One alternative embodiment of the multiple person hammock shelter with retractable raincover is that it may be set up on the ground as a tent. To do this a ground sheet could be laid down on which to set the shelter. Another alternative is to place rollable-raincover flaps 66 and storable-raincover flaps 54 flat under bed 16, thus, creating a water-resistant layer under the fabric bed 16. Additional tent stake loops 70 located along raincover zipper entrance 72 will make the staking of the shelter possible, thus creating vestibule space under raincover 46 on the sides of bed 16.

Another alternative embodiment of the multiple person hammock shelter with retractable raincover is that it may be used as a multiple person hammock without a mosquito netting enclosure or a raincover.

CONCLUSION, RAMIFICATIONS AND SCOPE OF INVENTION

Accordingly, the reader will see that the multiple person hammock shelter with retractable raincover of this invention can be easily used to achieve a high degree of comfort.

Furthermore, the invention has the additional advantages in that:

    • It is easily and quickly set up and taken down.
    • It avoids the use of multiple lines that would become entangled easily.
    • It is easily and quickly adjusted with the aid of cam buckles.
    • The highly tensioned bed keeps unwanted sag to a minimum, saving one's lower back, knees, and heels from unnecessary pain.
    • Its unique tensioning system allows two people to lay side by side and not roll into one another, which is a common trait among most other hammocks.
    • Its outer stabilizer straps can be adjusted easily to perfect individual comfort levels.
    • It utilizes a system to apply or remove a raincover in which the user will not have to leave the comfort of his/her bed to enact.
    • It is constructed with mosquito netting which encompasses the entire upper dome, allowing for the greatest visibility.
    • It allows persons to enter or exit from either side, which aids in convenience in setting up the hammock.
    • It allows a person to stand up inside vestibule area, which aids in changing cloths.
    • It allows persons to sit on edge of bed without tipping bed, which aids in changing cloths and also aids those persons less flexible.
    • Its double-pulley system allows one with less than average strength to tension bed tautly.

While the above description contains many specificities, these should not be construed as limitations on the scope of the invention, but rather as an exemplification of one preferred embodiment thereof.
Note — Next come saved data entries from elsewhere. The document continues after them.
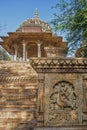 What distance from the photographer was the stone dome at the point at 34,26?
19.8 metres

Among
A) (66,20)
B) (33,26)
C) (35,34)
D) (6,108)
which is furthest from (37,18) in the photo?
(6,108)

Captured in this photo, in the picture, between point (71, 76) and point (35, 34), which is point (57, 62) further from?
point (35, 34)

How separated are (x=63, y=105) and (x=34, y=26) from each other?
14.9m

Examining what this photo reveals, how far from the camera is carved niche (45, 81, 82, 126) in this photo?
17.8ft

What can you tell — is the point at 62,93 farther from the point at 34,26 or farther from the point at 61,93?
the point at 34,26

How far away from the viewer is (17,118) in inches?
263

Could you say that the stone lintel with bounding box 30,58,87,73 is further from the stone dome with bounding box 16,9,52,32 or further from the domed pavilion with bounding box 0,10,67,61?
the stone dome with bounding box 16,9,52,32

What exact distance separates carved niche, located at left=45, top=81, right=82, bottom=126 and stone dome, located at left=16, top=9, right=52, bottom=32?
14.3 m

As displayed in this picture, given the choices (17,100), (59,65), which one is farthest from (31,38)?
(59,65)

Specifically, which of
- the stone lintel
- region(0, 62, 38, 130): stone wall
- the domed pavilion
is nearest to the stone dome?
the domed pavilion

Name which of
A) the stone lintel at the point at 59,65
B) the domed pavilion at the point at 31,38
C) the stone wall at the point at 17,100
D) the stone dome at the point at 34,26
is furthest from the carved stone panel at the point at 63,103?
the stone dome at the point at 34,26

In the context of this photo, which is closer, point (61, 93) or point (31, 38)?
point (61, 93)

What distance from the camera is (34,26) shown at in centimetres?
1995

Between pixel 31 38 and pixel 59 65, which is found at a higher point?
pixel 31 38
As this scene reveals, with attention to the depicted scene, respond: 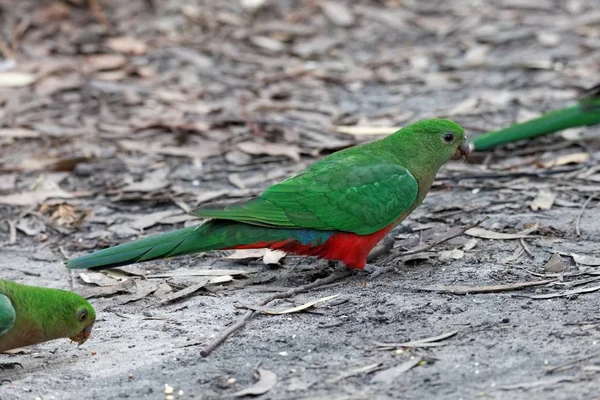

Many other variations are possible. For example:

    • Collapsible spreader-pole 32 could be located above fabric bed 16 rather than below as pictured.
    • Said pole 32 could be housed in a sheath securing pole 32 inside rather than using retaining pockets 28
    • The longitudinal ends of the hammock could be attached to spreader-pole 32 as could main tensioning strap 38 be attached directly to spreader pole 32.
    • A raincover and mosquito netting could be suspended from the spaced anchor rather than supported by tent poles.
    • Main tensioning strap 38 can and is suggested to be used in combination with a slippery piece of fabric placed on anchor 12 where straps 38 wrap around. This both protects surfaces and lessens friction on surfaces when tensioning hammock 14.
    • The mechanical advantage gained by wrapping main tensioning strap 38 around spaced anchor 12 could be built upon by using another static sheave 26 and wrapping said anchor 12 a third time. This would result in increasing said mechanical advantage.

Thus, the scope of the invention should be determined by the appended claims and their legal equivalents, rather than by the examples given.